Sir John Chilcot and his four-member panel have been at loggerheads with the Cabinet Office, the chief protector of government documents, over the disclosure of evidence they have described as of central importance in establishing the circumstances that led to war. In sharp exchanges with the former cabinet secretary Lord O’Donnell last year over the refusal to disclose details of correspondence and conversations between Blair and Bush, Chilcot said their release would serve to “illuminate Mr Blair’s position at critical points” in the runup to war.

O’Donnell consulted Blair before suppressing the documents.
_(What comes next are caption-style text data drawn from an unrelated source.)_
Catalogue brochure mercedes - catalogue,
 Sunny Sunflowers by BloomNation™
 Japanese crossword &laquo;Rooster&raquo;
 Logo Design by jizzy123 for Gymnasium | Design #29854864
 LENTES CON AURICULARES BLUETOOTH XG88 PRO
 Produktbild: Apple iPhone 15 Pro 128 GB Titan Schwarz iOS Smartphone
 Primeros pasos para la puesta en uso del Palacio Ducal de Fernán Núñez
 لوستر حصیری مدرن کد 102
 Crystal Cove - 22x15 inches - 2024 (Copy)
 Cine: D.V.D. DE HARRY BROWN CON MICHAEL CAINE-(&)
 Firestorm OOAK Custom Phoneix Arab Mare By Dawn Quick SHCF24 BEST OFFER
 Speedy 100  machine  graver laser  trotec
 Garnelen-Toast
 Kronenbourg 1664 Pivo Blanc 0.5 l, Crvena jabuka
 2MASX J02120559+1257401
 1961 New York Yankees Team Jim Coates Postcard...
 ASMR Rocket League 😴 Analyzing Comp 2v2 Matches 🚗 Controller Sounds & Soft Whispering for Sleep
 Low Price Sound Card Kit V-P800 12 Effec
Chilcot, who has seen the documents, told O’Donnell last year: “The question when and how the prime minister made commitments to the US about the UK’s involvement in military action in Iraq, and subsequent decisions on the UK’s continuing involvement, is central to its considerations.”

Chilcot referred to passages in memoirs, including Blair’s autobiography, A Journey, and disclosures by Jonathan Powell, Blair’s chief of staff, and Alastair Campbell, his former head of communications.

Those publications, and the refusal to disclose Blair’s notes, Chilcot said, “leads to the position that individuals may disclose privileged information (without sanction) whilst a committee of privy counsellors established by a former prime minister to review the issues cannot”.

O’Donnell told Chilcot that releasing Blair’s notes would damage Britain’s relations with the US and would not be in the public interest. “We have attached particular importance to protecting the privacy of the channel between the prime minister and president,” he said. Sir Jeremy Heywood, O’Donnell’s successor, is believed to share O’Donnell’s approach to the release of the documents. It may be decades before the notes are released.